Export (0) Print
Expand All

Understanding Unified Messaging Architecture

[This is pre-release documentation and subject to change in future releases. This topic's current status is: Writing.]

Applies to: Exchange Server 2010 Topic Last Modified: 2008-12-10

When you install the Unified Messaging (UM) server role on a computer running Microsoft Exchange Server 2010, several UM-specific components and services are installed. The Unified Messaging services and components installed by Setup enable a Unified Messaging server to answer and process incoming voice calls and enable users to interact with the Unified Messaging system by using Outlook Voice Access or by hearing a UM auto attendant when they call in to the Unified Messaging system. This topic discusses the interaction between these Unified Messaging components and services and how the services and components provide the features offered by Unified Messaging.

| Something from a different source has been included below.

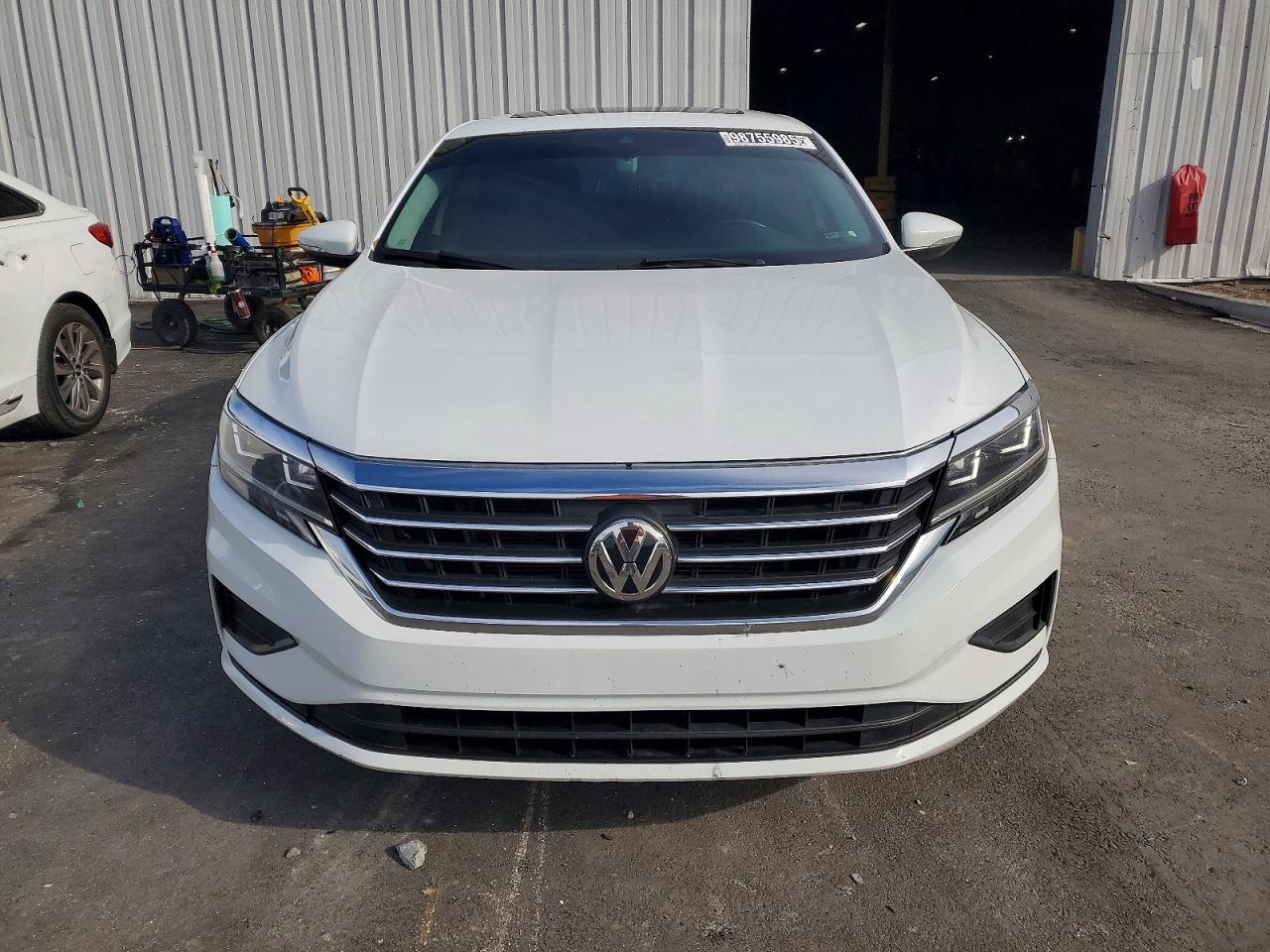 2021 VOLKSWAGEN PASSAT SE photo 5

The features and components of Unified Messaging rely on the functionality of two Exchange 2010 services: the Microsoft Exchange Unified Messaging service (UMservice.exe) and the Microsoft Exchange Speech Engine service (SpeechService.exe). The Service Control Manager controls and monitors both of these services and their related processes.

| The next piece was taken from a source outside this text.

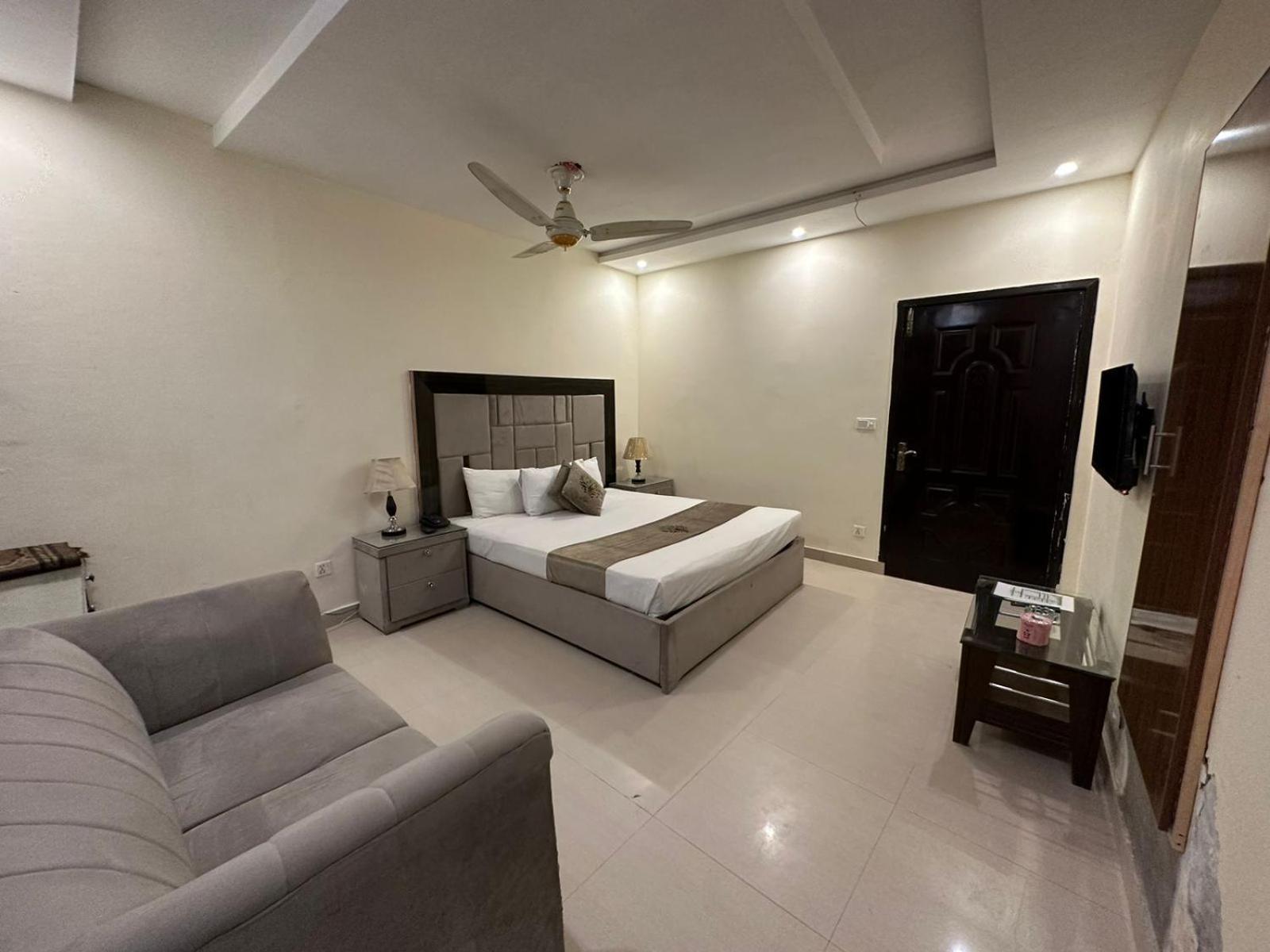 Hotel Green Fort Gulberg Лахор Екстер'єр фото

The Microsoft Exchange Unified Messaging service lets voice messages be stored in an Exchange 2010 mailbox and gives users telephone access to e-mail, voice mail, calendar, and contacts. If you stop this service, Unified Messaging features won't be available for users in your organization. For the Microsoft Exchange Unified Messaging service to work, the Microsoft Exchange Speech Engine service has to be already started and functioning correctly.

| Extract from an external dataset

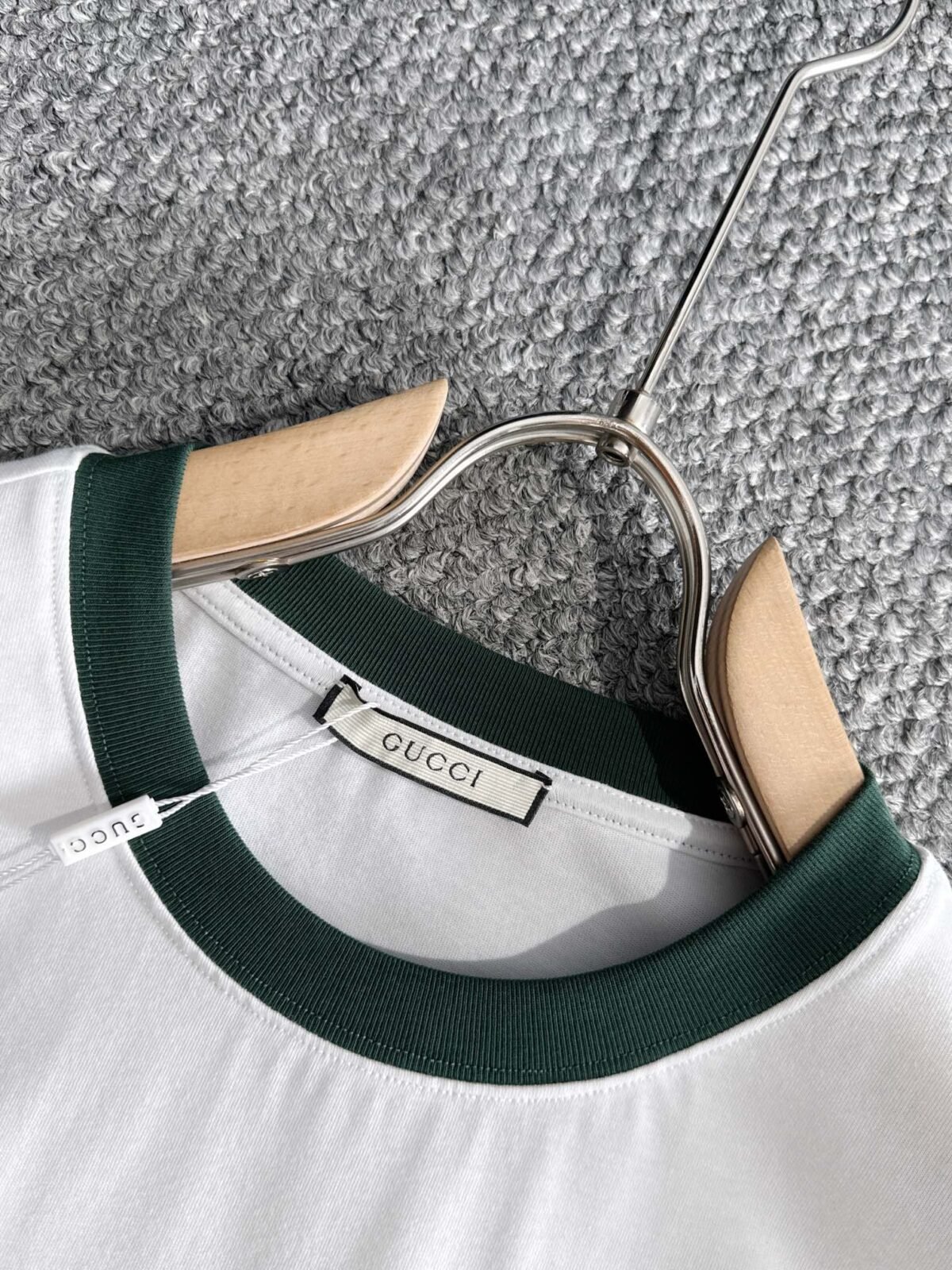 ⁦تيشيرت غوتشي الجديد بأكمام قصيرة وياقة دائرية⁩ - الصورة ⁦5⁩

The Microsoft Exchange Speech Engine service controls the following:

  • The dual tone multi-frequency (DTMF), also known as touchtone, interface
  • Automatic Speech Recognition (ASR) that is used with the Voice User Interface (VUI) in Outlook Voice Access
  • The Text-to-Speech (TTS) engine that reads e-mail, voice mail, and calendar items and plays the menu prompts for callers

When the Microsoft Exchange Unified Messaging service and Microsoft Exchange Speech Engine service are starting, they each create their own worker processes: the UM worker process (UMWorkerProcess.exe) and the Speech Engine service worker process (SESWorker.exe). Each UM worker process enables the Microsoft Exchange Unified Messaging service and the Microsoft Exchange Speech Engine service to interact to provide Outlook Voice Access and call answering. The Speech Engine service worker process provides the TTS engine features, lets callers use both Outlook Voice Access interfaces, and plays the system prompts for callers. For more information about Outlook Voice Access, see Understanding Unified Messaging Subscriber Access. For more information about Unified Messaging system prompts, see Understanding Unified Messaging Audio Prompts.

The following figure illustrates the relationships between Unified Messaging components.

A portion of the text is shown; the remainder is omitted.